Artist Joshua Van Dyke offers up a new kind of trophy hunt
At nearly six feet from tip to tip, the antlers of Joshua Van Dyke’s The Hunt dominate Provide, the popular housewares boutique at 529 Beatty Street. High above stark white shelves tastefully laden with lacquered tea trays, cashmere throws, and resin bowls, only their shocking yellow colour hints at their true origins. What appears at first glance to be a hunting trophy reveals itself, upon closer inspection, to be wood and metal. They weren’t carved by nature, but nurtured from the unlikeliest of sources: an old, used skateboard.
At a time when taxidermy as an interior-design element is a hot trend—Craig Stanghetta’s whimsical plaster Kodiak heads at the cocktail lounge Clough Club and the feature wall of antique animal skulls at the hip new restaurant House Guest being two recent Gastown examples—Van Dyke has upped the ante from merely artful to full-blown art.
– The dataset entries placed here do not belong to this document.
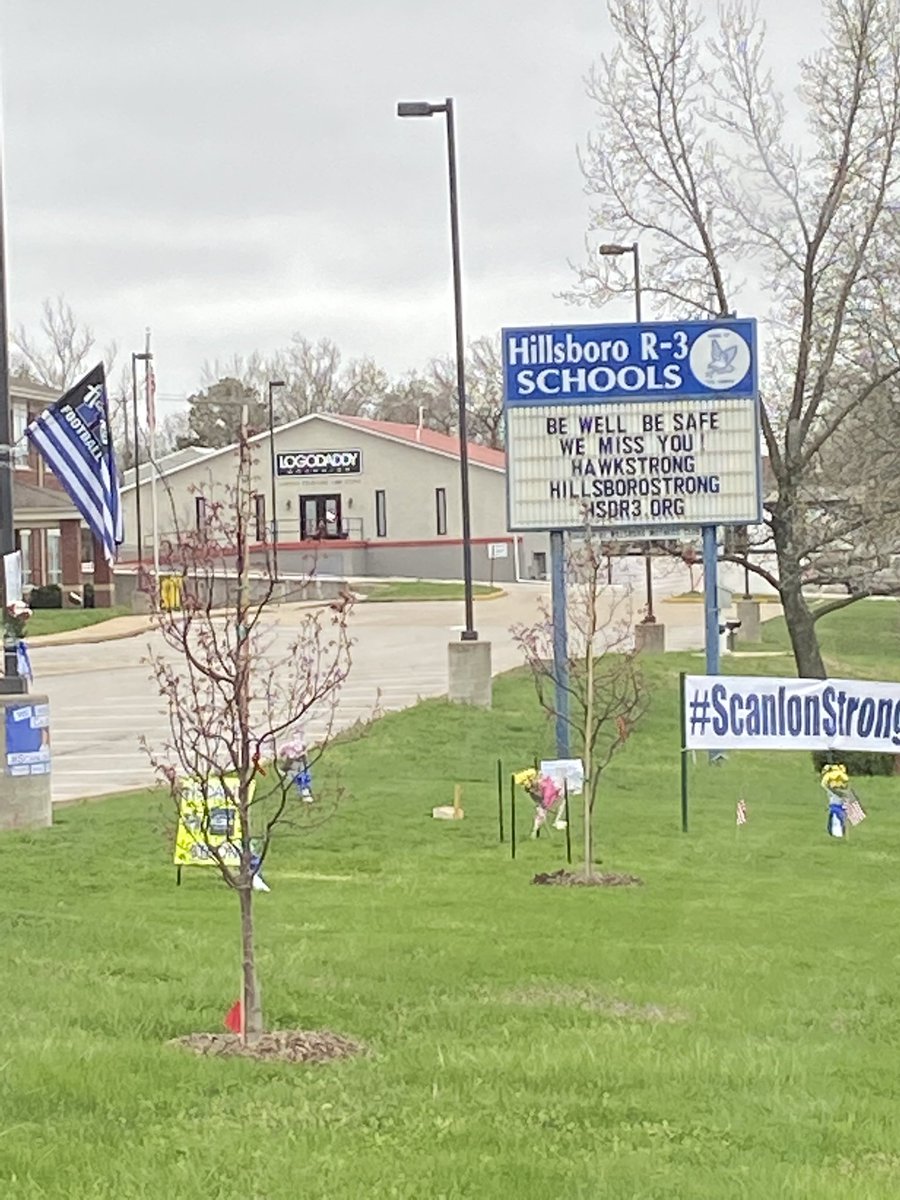 HHS_Footballers's tweet photo. Proud to part of this community, thank you to all that made this possible! @HIntermediate @Hillsboro_JH @HHSYearbookIt #scanlonStrong #hawkstrong Thank you Hillsboro @HTouchdownClub https://t.co/LcoYZMKzTZ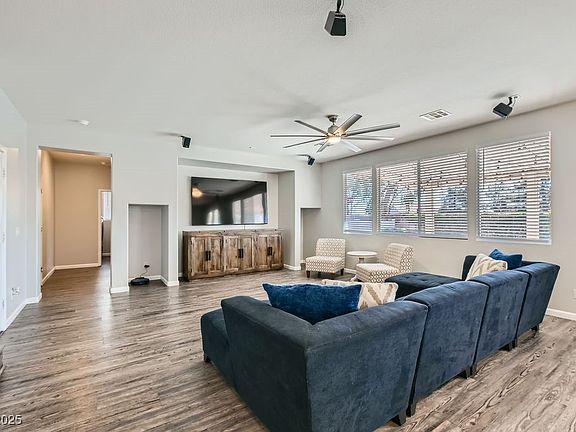 4th image of 3925 Champagne Wood Dr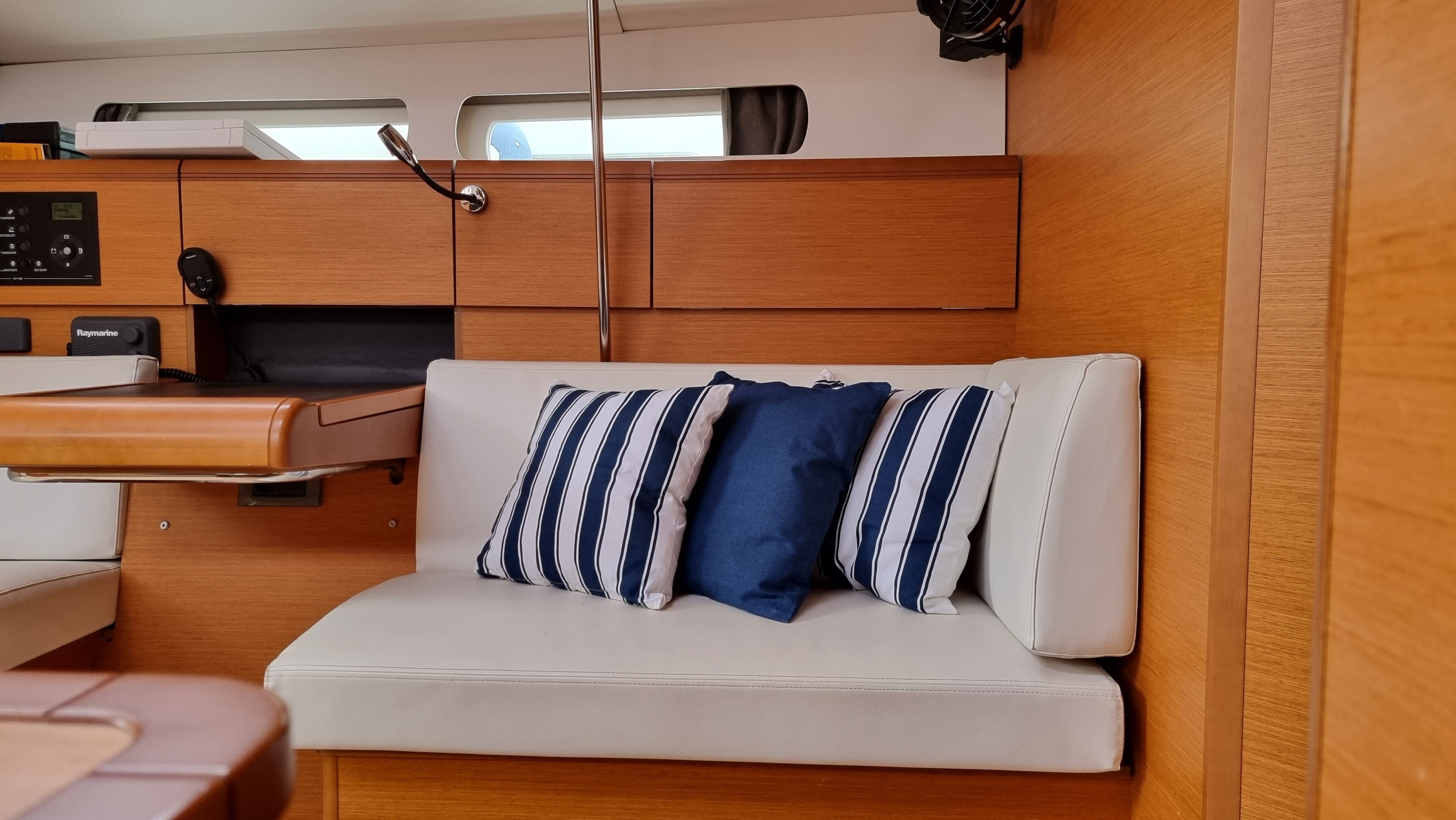 Jeanneau Sun Odyssey 449 | Blue Moon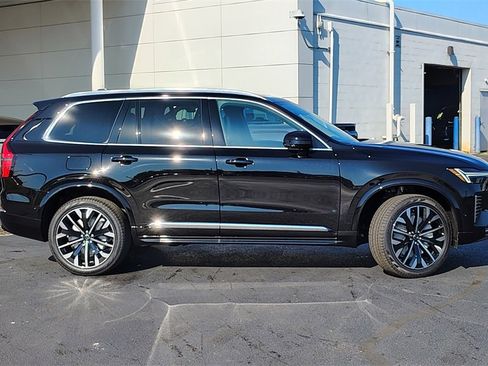New 2026 Volvo XC90 B6 Ultra image 2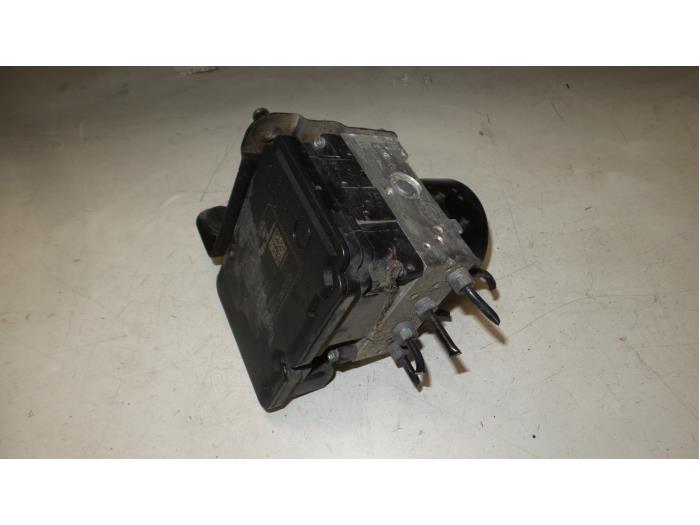 Alfa Romeo Giulietta ABS Pomp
His hunting-trophy series is a marriage of old and new, a distillation of hundreds of years of West Coast tradition re-imagined using remnants of modern life.
Unfortunately, Van Dyke’s first encounter with a skateboard wasn’t nearly as graceful as the delicate curves in his sculptures. “I was about five years old in Calgary,” the artist remembers, speaking in his Bowen Island studio, “and I tried to launch a ramp in the alley with my big brother. I fell and broke my wrist and had this massive cast on my arm.”
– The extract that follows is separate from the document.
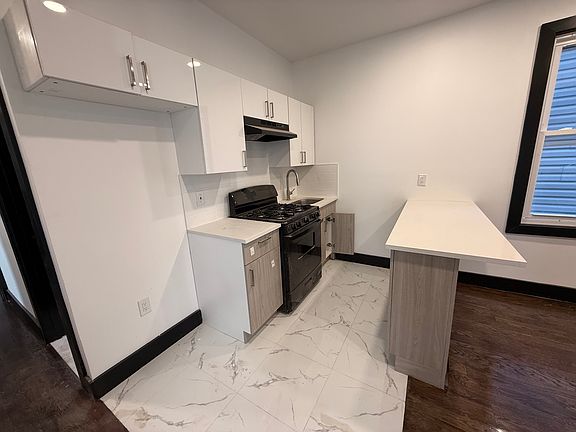 5th image of 459 S 14th St Floor 2
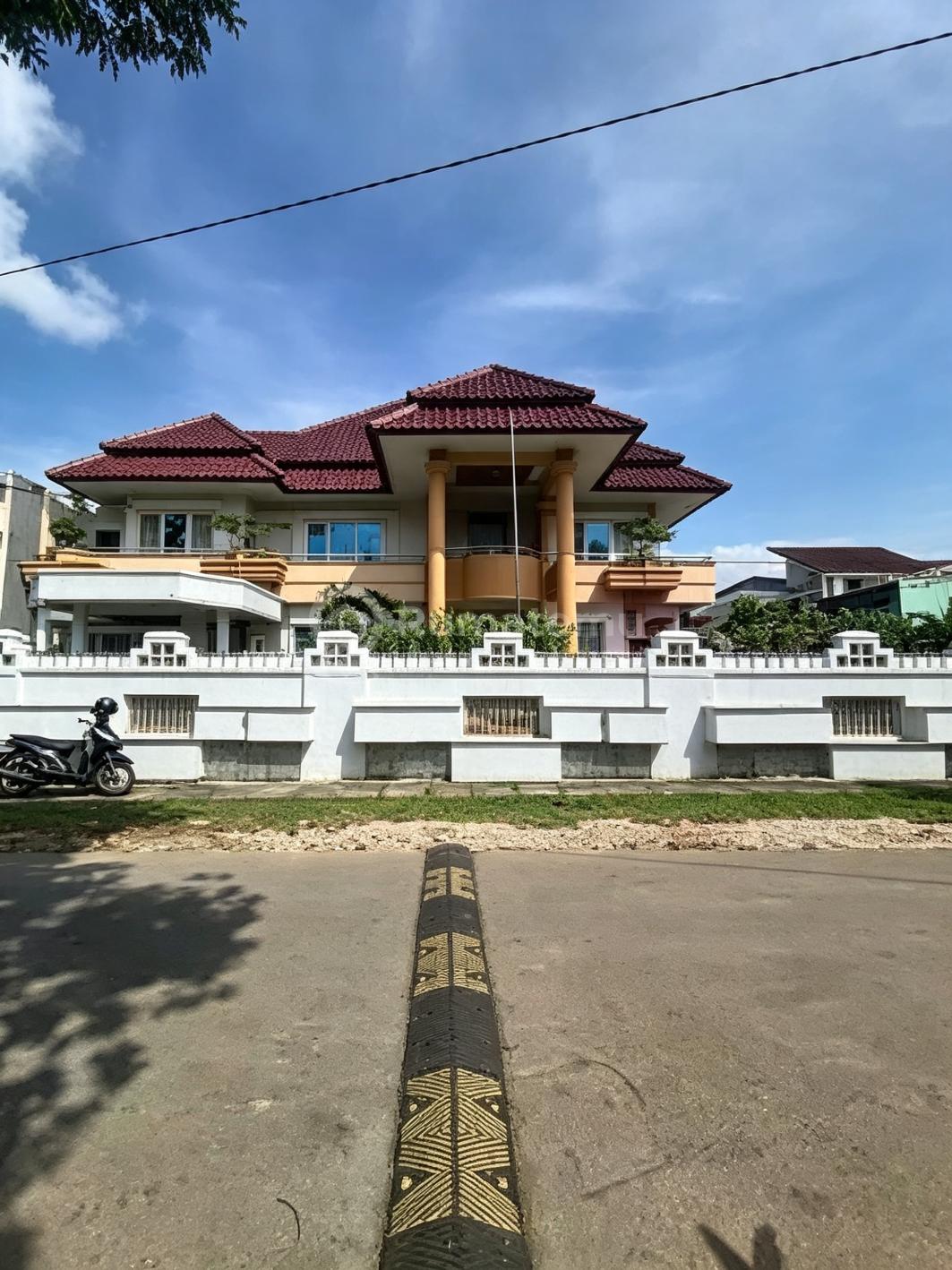 Rumah Bagus dan Mewah di Duren Sawit Jakarta Timur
While Van Dyke continued to skate up into his teens, he had pretty much stopped by the time he enrolled at Emily Carr University of Art + Design in 2004. There he was given an assignment to draw on his personal history for a particular project.
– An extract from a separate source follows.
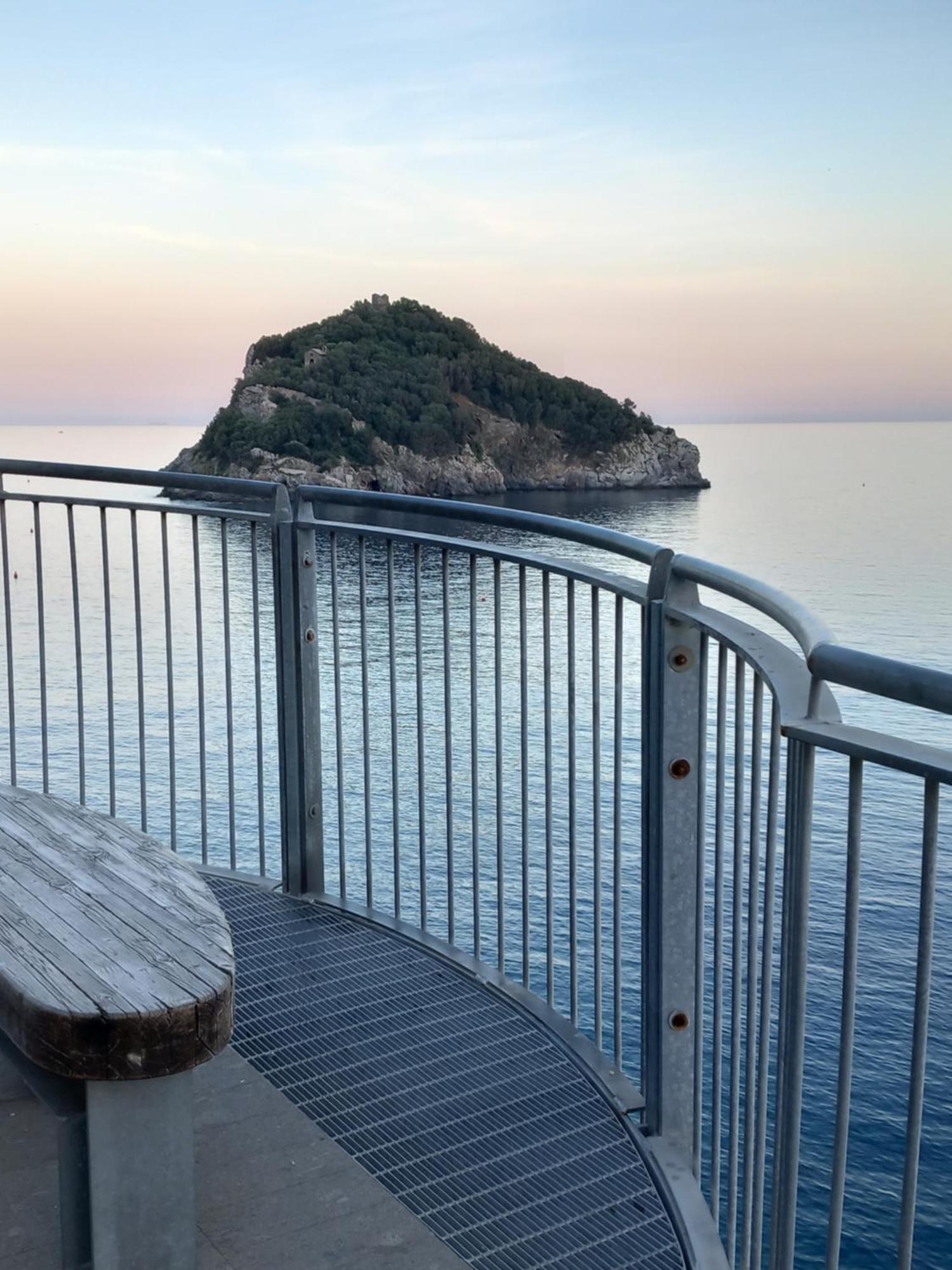 Tramonto Sul Mare - Sea Suite Savone Extérieur photo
“That’s when I rediscovered skateboards. I began to look at traditions and rites of passage,” he says. “We don’t really have those rites of passage anymore, but we have this abundance of nostalgia and mostly for our teenaged years. There’s so much emotion in that time, and I began to see how each person left their own imprint on these reclaimed skate decks [the wooden base of a skateboard]. All the marks, all the scrapes, they were all unique. It’s such an important, personal, everyday object, and then it just gets discarded.”
The link he formed between ancient rites of passage and a sanitized modern adolescence saw Van Dyke create a series of African-style tribal masks out of repurposed skate decks while completing his studies at the Glasgow School of Art in Scotland. But he credits his return to Canada and a 10-day solo kayak trip to Haida Gwaii with focusing his vision. “It all fell into place somewhere on that trip,” he remembers. “The idea of a hunting trophy was so Canadiana and it fit so perfectly with what I was trying to express.”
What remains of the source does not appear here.